(Beginning of Data below)

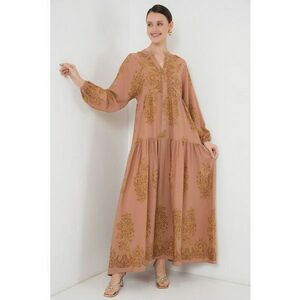 Rochie maxi dama HiCCUP cu imprimeu - Galben imagine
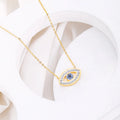 Stainless Steel Evil Eye Necklace INS Diamond Evil Eye Necklace for Female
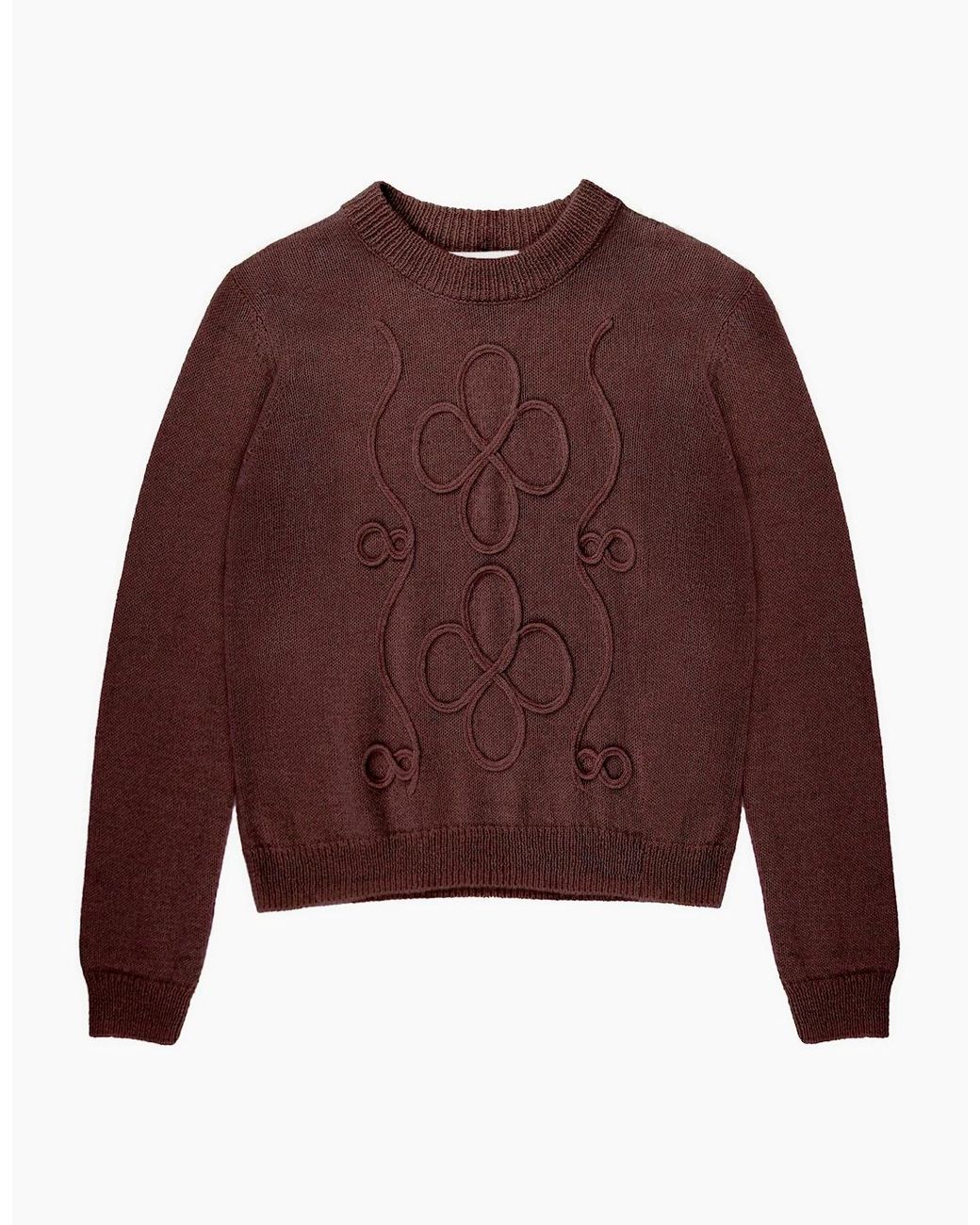 Ro&zo Brown Chocolate Applique Knit Jumper With Alpaca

(End of Data below)

Directions for this task:
Leave every picture out and set down exactly the lines running from the one with "Stainless Steel Evil" to the last line of the material above.

Output for this exercise:
 Stainless Steel Evil Eye Necklace INS Diamond Evil Eye Necklace for Female
 Ro&zo Brown Chocolate Applique Knit Jumper With Alpaca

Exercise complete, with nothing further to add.